═════ Exercise input ═════
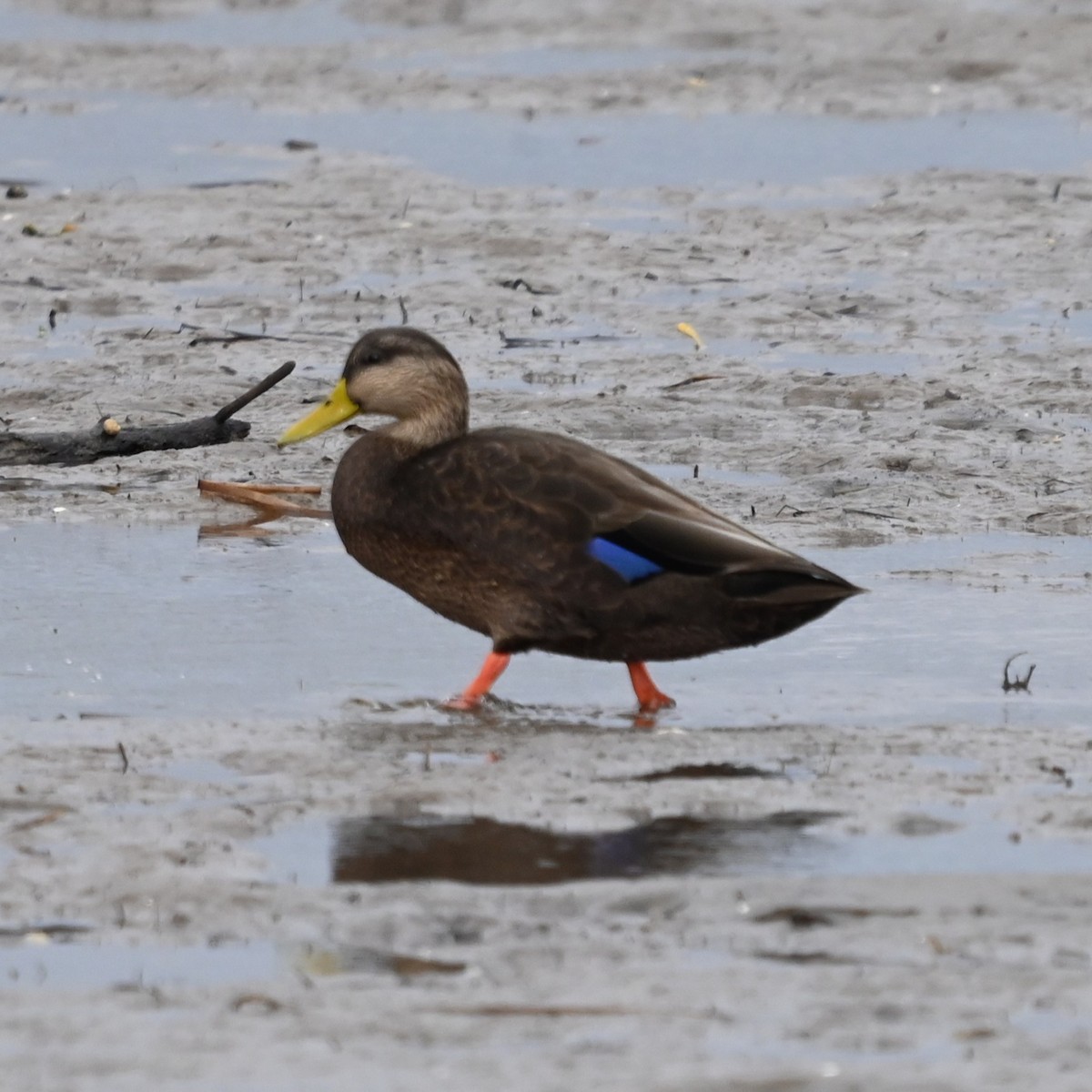 American Black Duck - ML642454592
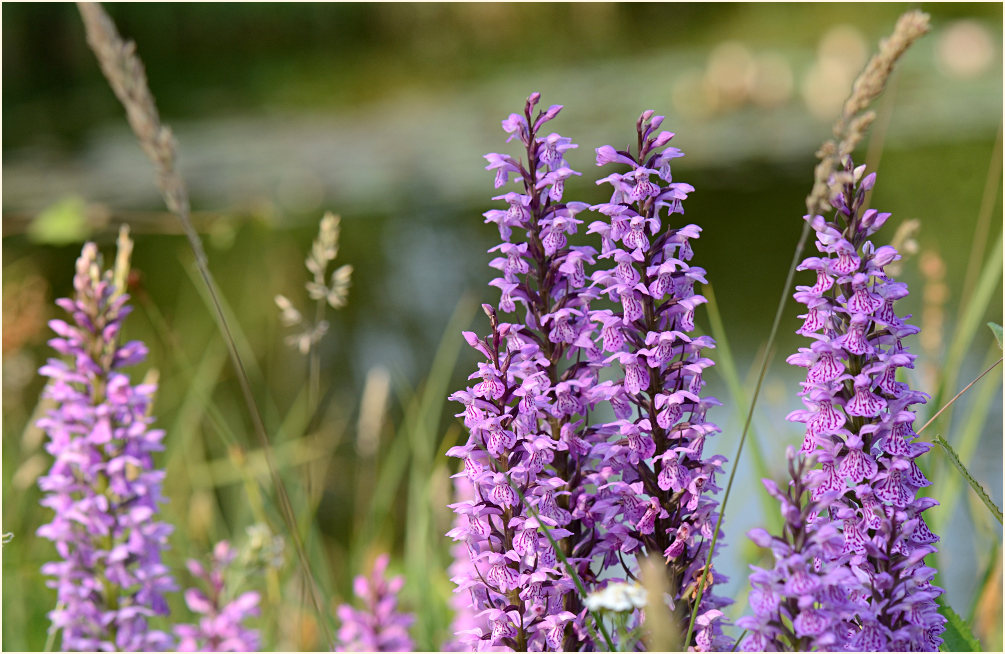 Geflecktes Knabenkraut (Dactylorhiza maculata)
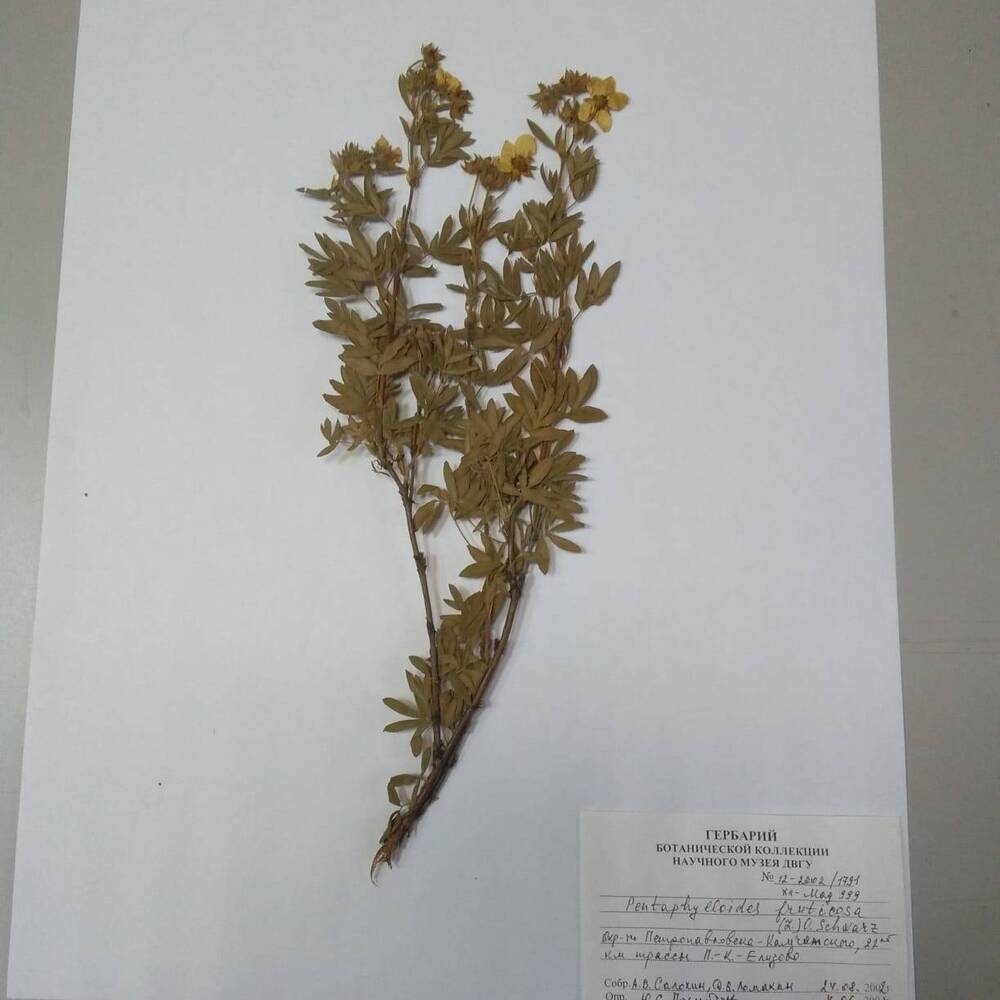 гербарий Пятилистник кустарниковый (Pentaphylloides fruticosa)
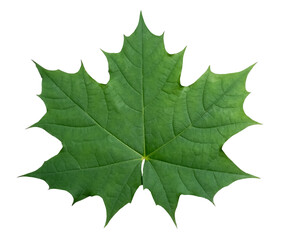 Green maple leaf, isolated image on transparent background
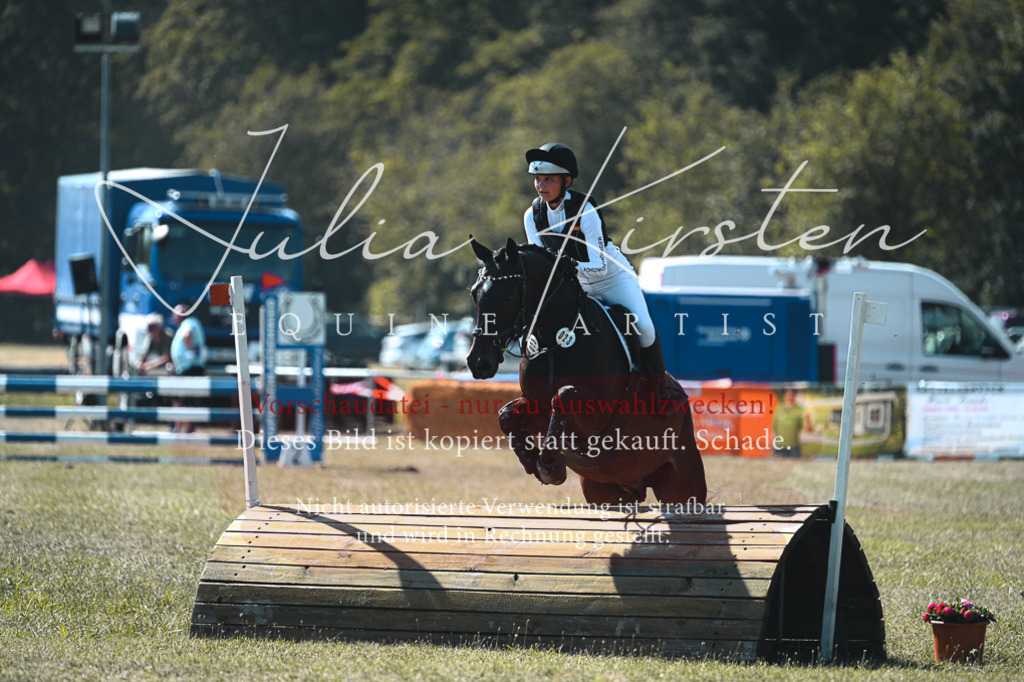 DSC_8205 | Pferde- und Turnierfotografie in Westsachsen. Pferdeportraits, Auftragszeichnungen und intuitive Kunst.
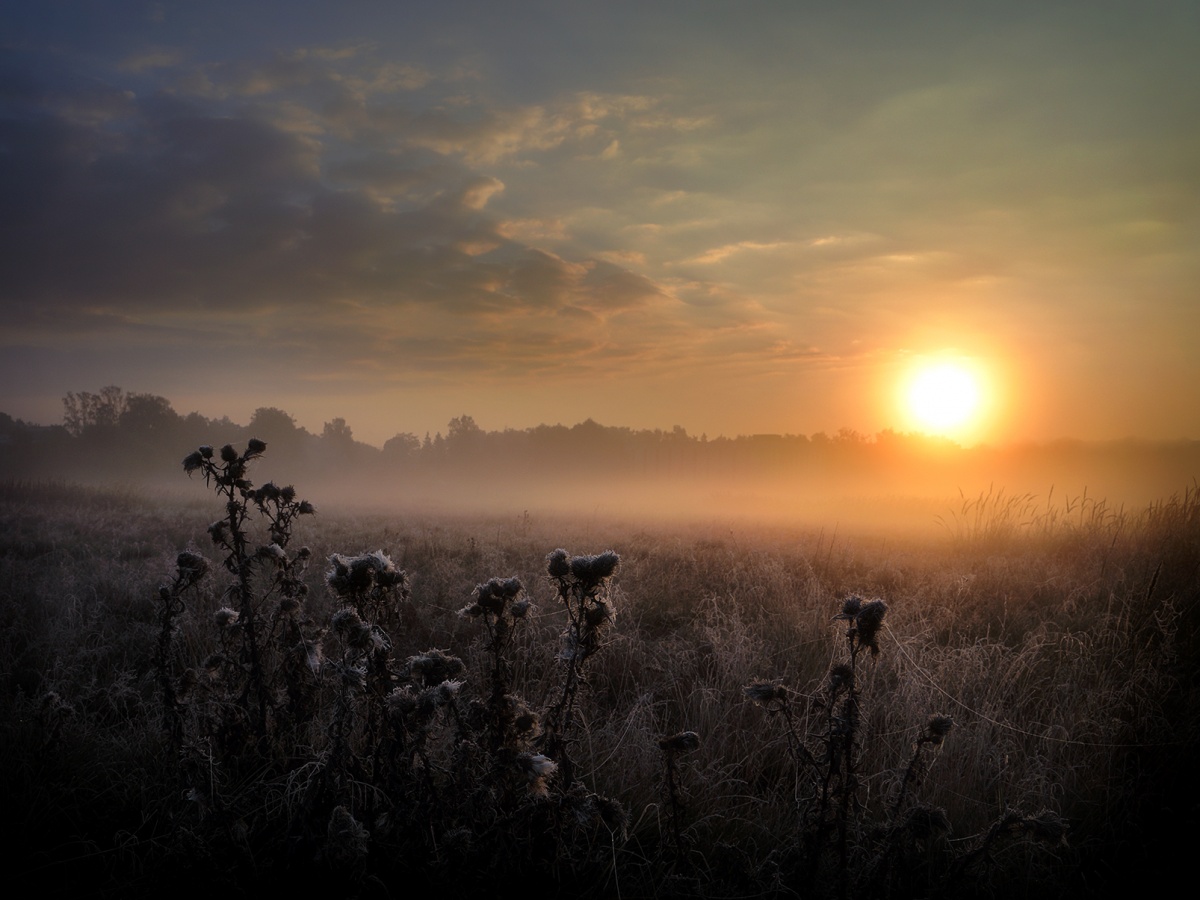 Die lang erwartete Morgendämmerung September ...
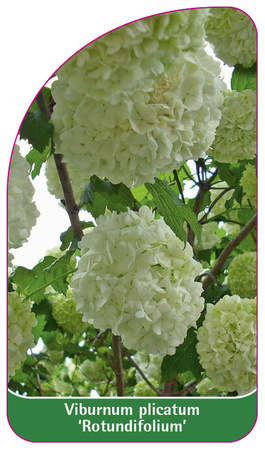 Viburnum plicatum 'Rotundifolium'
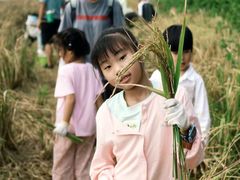 -艺年级儿童语言艺术中心(冉家坝爱融荟城店)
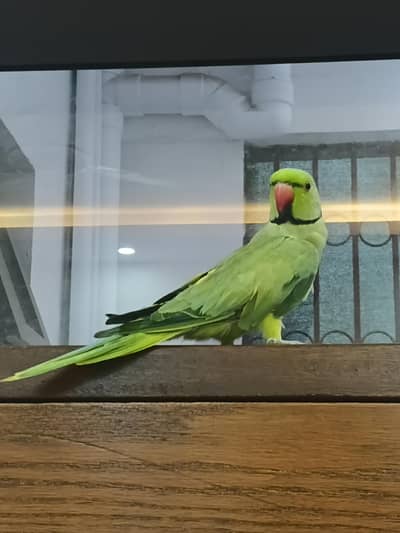 Green Ringneck Mithu Beta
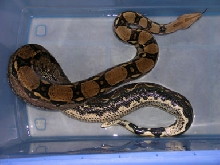 pet boa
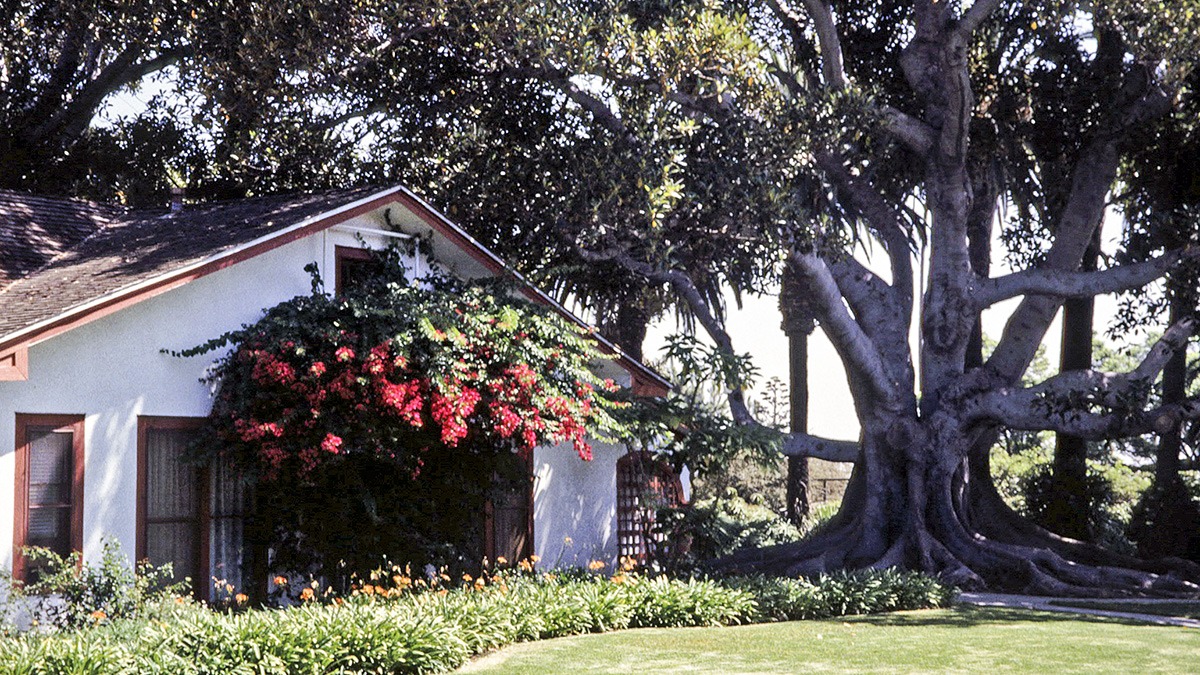 Rancho Los Alamitos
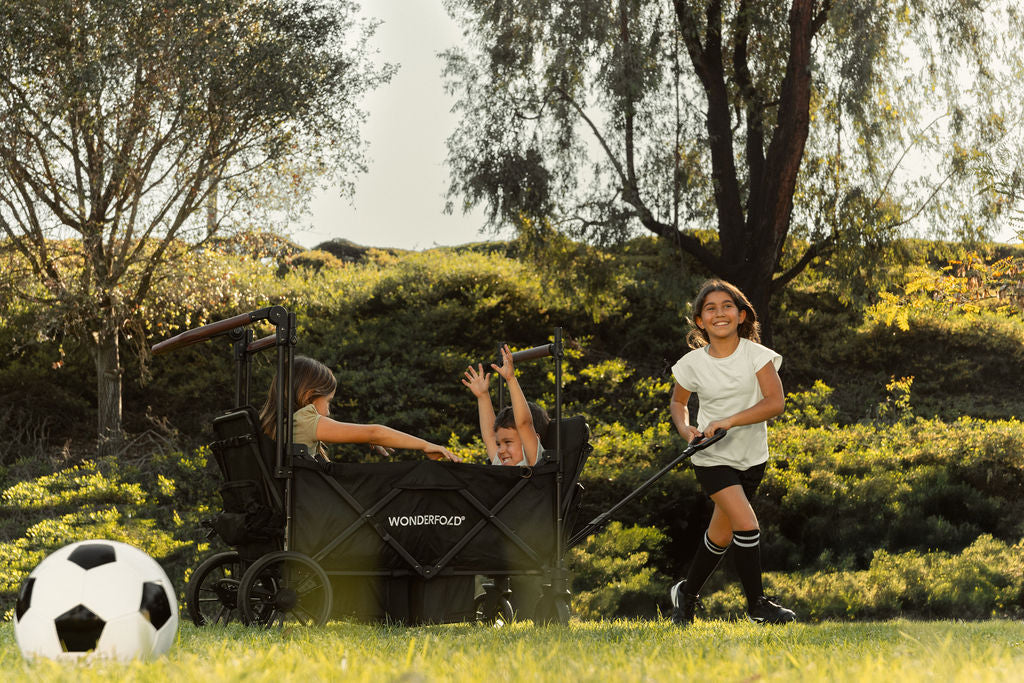 Wonderfold X4R Stroller Wagon
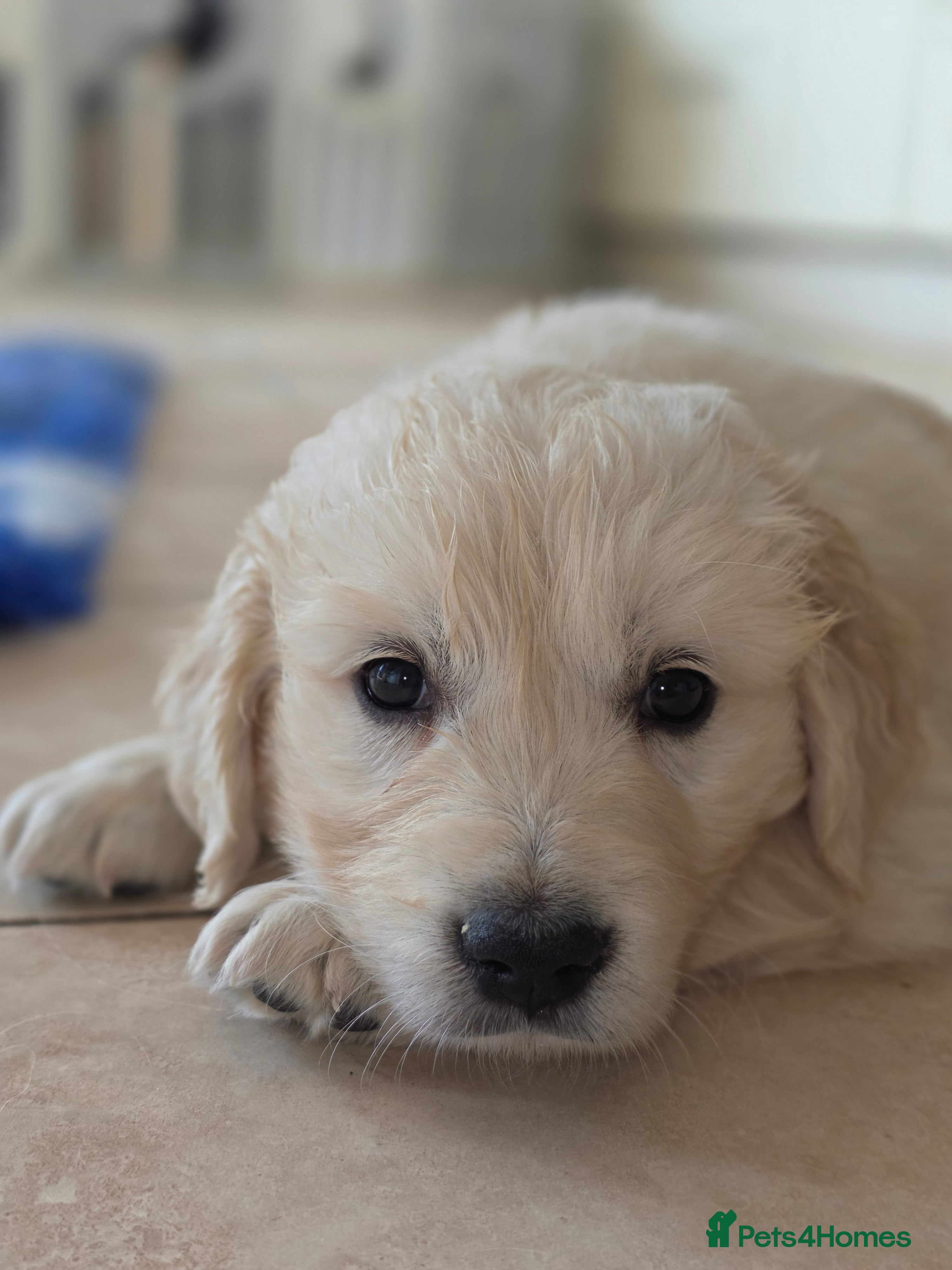 Golden Retriever dogs Gorgeous KC registered puppies for sale - Advert 2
═════
_Exercise instructions:_ Your task is to transcribe, exactly and without additions, every line from the one that contains "Wonderfold X4R Stroller Wagon" to the end of the entries above, both included. Omit all pictures.

_Written answer:_
 Wonderfold X4R Stroller Wagon
 Golden Retriever dogs Gorgeous KC registered puppies for sale - Advert 2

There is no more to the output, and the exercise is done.